Charitable Deduction
The IRS noted that the terms of the trust created two charitable interests: a discretionary interest in a percentage of the unitrust amount and a remainder interest. The IRS found that, pursuant to I.R.C. § 2055(a), the decedent’s estate could claim the estate tax charitable deduction for the value of the remainder interest. However, the estate could not claim an estate tax charitable deduction for the value of the portion of the unitrust interest that the trustee had the discretion to distribute to either the charity or the decedent’s spouse. The charity’s interest was not in the form of a fixed unitrust amount to be distributed annually as required by I.R.C. § 2055(e)(2)(B). In addition, no part of the charity’s unitrust interest was ascertainable and severable from the surviving spouse’s interest as required by Treas. Reg. § 20.2055-2(a), where a trust is created for both a charitable and private purpose.
Marital Deduction
Under I.R.C. § 2056(a), an amount equal to the value of any interest in property that passes or has passed from a decedent to the surviving spouse may be deducted from the value of the gross estate to the extent that the interest is included in determining the value of the gross estate. Treas. Reg. § 20.2056(c)-2(a) provides that a property interest is treated as passing to the surviving spouse only if it passes to the spouse as the beneficial owner, and where it passes from the decedent in trust, it passes from the decedent to the surviving spouse to the extent of the surviving spouse’s beneficial interest in the trust. Here, the IRS determined that the interest in the 25 percent of the unitrust amount must be distributed to the surviving spouse pursuant to the terms of the CRUT, so the interest will pass from the decedent to the surviving spouse as the beneficial owner. As a result, the estate could claim the marital deduction for that interest. However, because the extent of the surviving spouse’s interest in the remaining 75 percent of the unitrust amount (over which the trustee had complete discretion to distribute to either the spouse or the charity) could not be determined at the date of the decedent’s death, it would not be deemed to have passed from the decedent to the spouse as beneficial owner under I.R.C. § 2056(a). Therefore, no estate tax marital deduction could be claimed for the value of the 75 percent interest.
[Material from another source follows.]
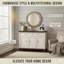 Buffet spacieux de style campagnard - Rangement robuste et design multifonctionnel-1787785961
Takeaways: The memorandum does not have precedential value, but it is noteworthy that it included a footnote stating that the IRS’s prior position set forth in Private Letter Rulings 2008-13-006, 2008-32-017, 2011-17-005, and 2018-45-014 (that taxpayers were entitled to an estate tax marital deduction under I.R.C. § 2056 or a gift tax marital deduction under I.R.C. § 2535 for a unitrust interest in a CRUT that the trustee had the discretion to distribute between a charity and a surviving spouse) no longer reflects the position of the IRS Office of Chief Counsel. This represents a significant change. In addition, the footnote indicated that the analysis and conclusion in the present memorandum would be the same for a completed gift transfer to a CRUT with similar terms under I.R.C. § 2535.
Failure to Comply with Paperwork and Documentation Requirements May Be Costly for Taxpayers
Keefer v. United States, No. 3:20-CV-0836-B, 2022 WL 2473369 (N.D. Tex. July 6, 2022)
Kevin and Patricia Keefer sought a refund for an overpayment of income they paid in 2015. The alleged overpayment was due to the IRS’s disallowance of a charitable deduction for a donation of a 4 percent interest in a limited partnership that owned and operated a hotel property. The IRS notice of deficiency indicated that the charitable deduction was disallowed because the Keefers had failed to provide the IRS with a contemporaneous written acknowledgment (CWA) from the donee organization—a donor-advised fund—showing that it had exclusive legal control over the assets contributed. In addition, the notice of deficiency stated that the Keefers’ appraisal did not include the appraiser’s identifying number. Although the Keefers disagreed with the notice, they paid the additional taxes specified in the notice. Shortly thereafter, they filed for a refund of those amounts, arguing that their 2015 tax return and its attachments satisfied the CWA and appraisal requirements, and that the deficiency and penalties had been incorrectly calculated. The IRS disallowed their claim on the basis that it was untimely filed, and the Keefers filed suit.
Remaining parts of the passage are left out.